Wilderness - a bleak, numbing word that instantly calls to mind a feeling of hopelessness, nothingness, barrenness, and most of all, a sense of powerless ness. There's a reason that the biblical expression "the voice of one crying in the wilderness" has come to mean abject abandonment.
It is in the depths of your life that you will discover the invisible necessity that has brought you here. John O'Donohue
"According to an ancient legend, the word Wilderness didn't conjure up a place of punishment, but rather a place of learning, spiritual growth, understanding, healing, and accomplishment," Sarah Ban Breathnach tells us. "...your experience in the Wilderness was designed to prepare or propel you toward your destiny. Or pry you loose from whatever was keep you from it."
Hard to believe that the Promised Land has a Wilderness in it. Harder yet to believe that we would even create a Wilderness experience for ourselves in order to up level our spiritual experience.
In the writings of John O'donahue, it states that "For millions of years, before you arrived here, the dream of your individuality was carefully prepared." Who dreamed us here? Did we or did God? He goes on to say that, "You were sent to a shape of destiny in which you would be able to express the special gift you bring to the world...Sometimes this gift may involve suffering and pain."
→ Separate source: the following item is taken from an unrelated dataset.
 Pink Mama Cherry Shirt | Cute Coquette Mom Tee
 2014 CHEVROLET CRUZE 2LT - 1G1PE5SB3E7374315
When I think of this last statement, I think we are the ones who come up with the suffering and pain. I really don't think that God planned for us to experience it. Even in the "Promised Land" and some of the experiences I have had, I have interrupted them as "pain" when in truth, they probably weren't pain at all. Maybe they were "resting" periods in my "wilderness" experience. I can look back on my life now and see how I misinterpreted many of my experiences. I just didn't know any better. Now, I do. I forgive myself for my ignorance and it is time to move on. Thank you God.